Lee’s 2 home runs lead Mariners past Rangers 7-5

Seager adds solo shot to back Iwakuma

By CURTIS CRABTREE, Associated Press
Published: June 10, 2016, 10:22pm

SEATTLE — Dae-Ho Lee handed out silver-colored necklaces from his native South Korea before Friday night’s game against the Texas Rangers.

After Lee hit two home runs, including a three-run blast off Rangers starter Derek Holland, to lead the Seattle Mariners to a 7-5 victory, everyone on the team may be wearing the necklaces starting Saturday.
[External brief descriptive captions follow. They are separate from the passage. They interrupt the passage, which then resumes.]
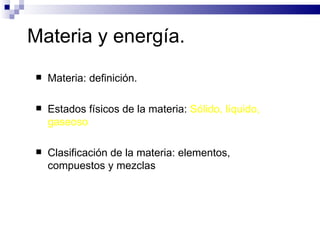 Materia y energía. Materia:   definición. Estados físicos de la materia:  Sólido, líquido, gaseoso Clasificación de la materia: elementos, compuestos y mezclas 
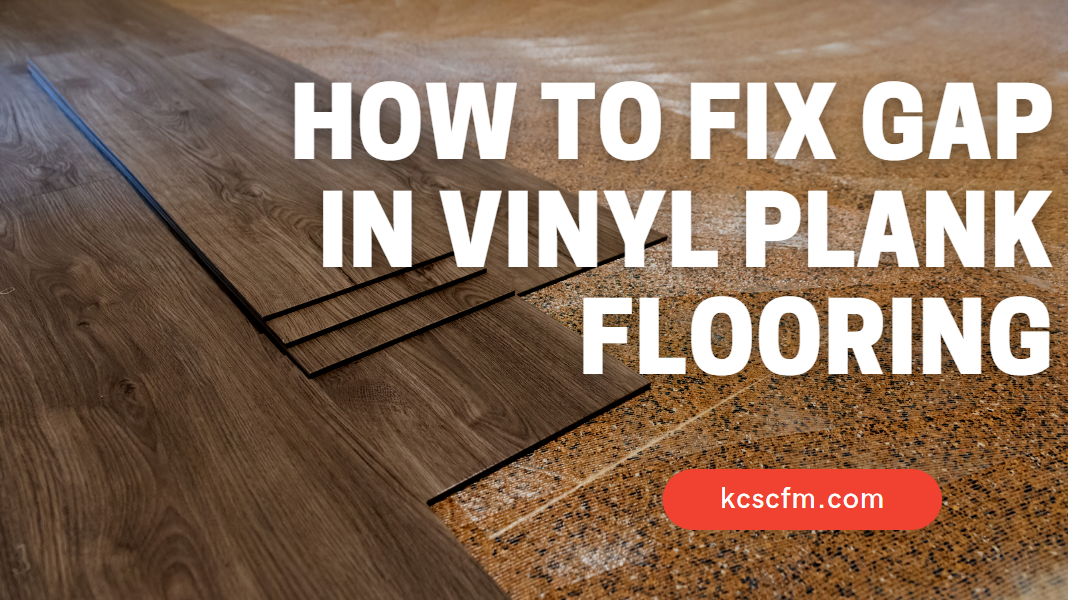 How to Fix Gaps in Vinyl Plank Flooring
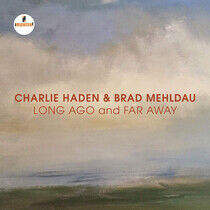 Haden, Charlie & Brad Meh - Long Ago and Far Away..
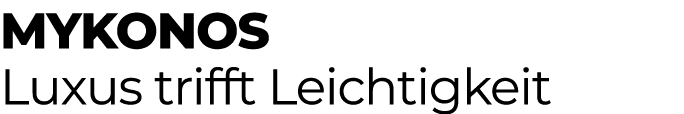 Mykonos Luxus trifft Leichtigkeit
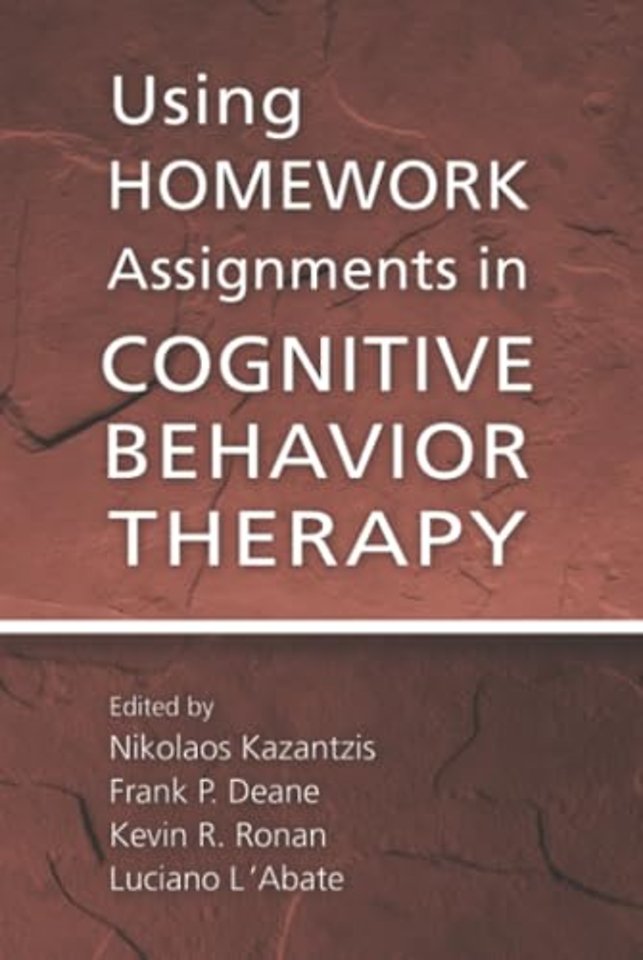Using Homework Assignments in Cognitive Behavior Therapy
“He brings in a Korean gift about every two to three weeks,” manager Scott Servais said. “Sunglasses, then he went with some other USB thing from Korea. Today, these showed up. You see all our guys wearing them. Dae-Ho had it on today. Don’t know exactly what it is but if he hits two home runs every time I wear it I’ll be good with it.

“He adds a lot of character and personality to our club.”

Hisashi Iwakuma (5-5) allowed three runs — all solo home runs — over seven innings for Seattle. Steve Cishek earned a four-out save, his 14th of the season.

Lee gave the Mariners the early lead with a solo shot off Holland (5-5) in the second inning. Ian Desmond tied the game 1-1 in the third with a line drive home run off the out-of-town scoreboard in left field.

A leadoff walk to Robinson Cano and single by Nelson Cruz set the stage for Lee’s second blast. He crushed a slider from Holland to nearly the same spot over the wall in center field to give the Mariners a 4-1 lead. Lee’s four RBIs matched a career-high.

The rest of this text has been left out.